| ACTION ITEM |
Your copy of the listing must be exact and must hold no images.

| SOURCE DATA |
Start of Block

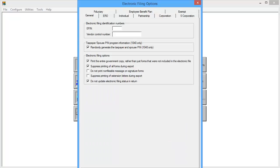On the General tab of the Electronic Filing Options screen, verify the EFIN and enter the appropriate Vendor Control Number.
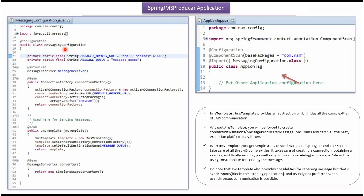Here I have defined the class MessagingConfiguration. It is a configuration class. SpringContainer reads this configuration class and it creates a ConnectionFactory object. To create a ConnectionFactory object, SpringContainer needs to know the ActiveMQ Broker URL. Here I have defined the URL.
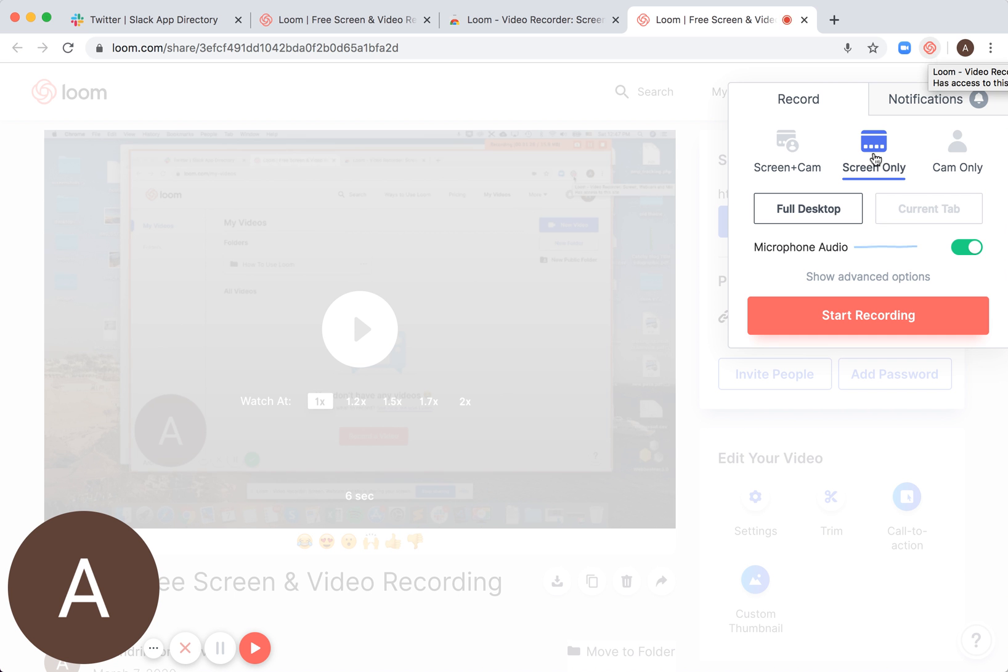You'll have access and then just start recording. So that's how you install the Chrome extension. Hope it was helpful.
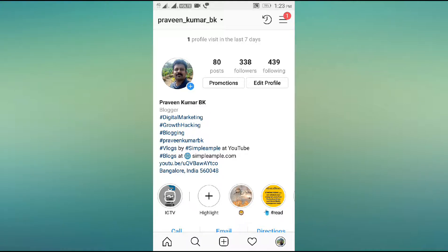There is a possibility — you can download your archived stories from your Instagram profile. To be clear, you can download stories from your own profile, not from your followers on Instagram.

End of Block

| SOLUTION FOR THIS TASK |
On the General tab of the Electronic Filing Options screen, verify the EFIN and enter the appropriate Vendor Control Number.
Here I have defined the class MessagingConfiguration. It is a configuration class. SpringContainer reads this configuration class and it creates a ConnectionFactory object. To create a ConnectionFactory object, SpringContainer needs to know the ActiveMQ Broker URL. Here I have defined the URL.
You'll have access and then just start recording. So that's how you install the Chrome extension. Hope it was helpful.
There is a possibility — you can download your archived stories from your Instagram profile. To be clear, you can download stories from your own profile, not from your followers on Instagram.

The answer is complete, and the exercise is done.